印刷業界に勤める

大きな変動期を迎えている

今大きな変動期を迎えているのが印刷業界です。
日本における印刷業界の動向をみてみると、凸版印刷と大日本印刷の二大印刷企業が突出していることがわかります。
ここまで少数の企業のみで独占的なシェアをとっている業界は他では見かけることができません。
その原因となっているのは、印刷業界においては凸版印刷や大日本印刷のように巨大な企業にまで事業を拡大しているところはむしろ少数派で、ほとんどが町工場的な中小企業によって運営されているためです。
日本における印刷物は諸外国に比べてかなり質が高いことで知られていますが、実際にはその技術の大半は下町や地方の中小企業が支えていたものだと言ってもよいくらいです。

仕上がりの違う印刷物を作るためには全く違う印刷機が必要

印刷物にはオフセット印刷やグラビア印刷などたくさんの種類がありますが、それら仕上がりの違う印刷物を作るためには全く違う印刷機が必要になったりします。
そのため、これまでは印刷中小企業は仕事をお互いに融通しあったりしながら協力体制を作ってどんな印刷物にも対応できるようにしてきたという歴史がありました。
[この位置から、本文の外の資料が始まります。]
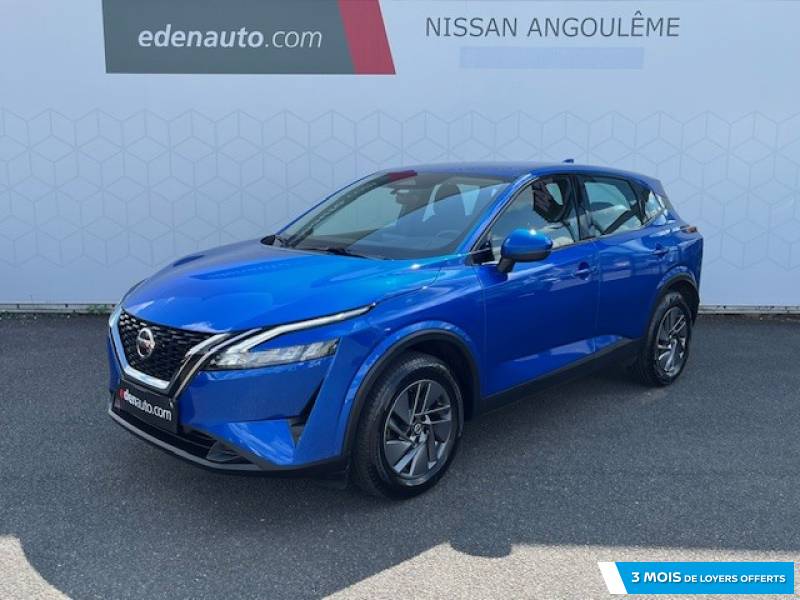 Image de l'annonce principale - Nissan Qashqai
しかしそんな仕事の持ち合いをしてきた印刷業界も、パソコンや携帯電話、そしてタブレット端末が登場したことによって大きな転換期を迎えています。
インターネットが出始めたときからすでに印刷業界は今後苦戦をすることになるという予想はされてきましたが、実際に大きな波となったのはKindleやiPadなどの電子書籍端末モバイルが登場してからです。
すでにアメリカなどでは紙の書籍よりも電子書籍を購入することを希望するユーザーが増えてきています。
日本においては印刷業界の特殊な事情や、そもそも印刷物の出来がたいへん優れていることから電子書籍の出足はかなり遅くなっていますが、それでも今後さらに印刷物の需要は減少していくことが考えられます。

厳しい業界の動向についてしっかりと認識する

これから印刷業界に就職をしたいと考えている人は、まずそうした厳しい業界の動向についてしっかりと認識をしておいた方がよいでしょう。
すでに大手凸版印刷や大日本印刷は紙ベースの書籍ではなく電子書籍を普及するための事業を拡大してきており、楽天など他の電子書籍取扱業者を相手に激しいシェア争いが起きてくることが予想されます。
地方など小さな印刷会社はかなり厳しい状況におかれているので、その企業の将来性や経営者の方針などを知った上で就職を決めた方がよさそうです。
ただし根強く紙ベースでの印刷物が使われる分野もあるので、そうしたところに特化した企業なら生き残れる可能性は十分あります。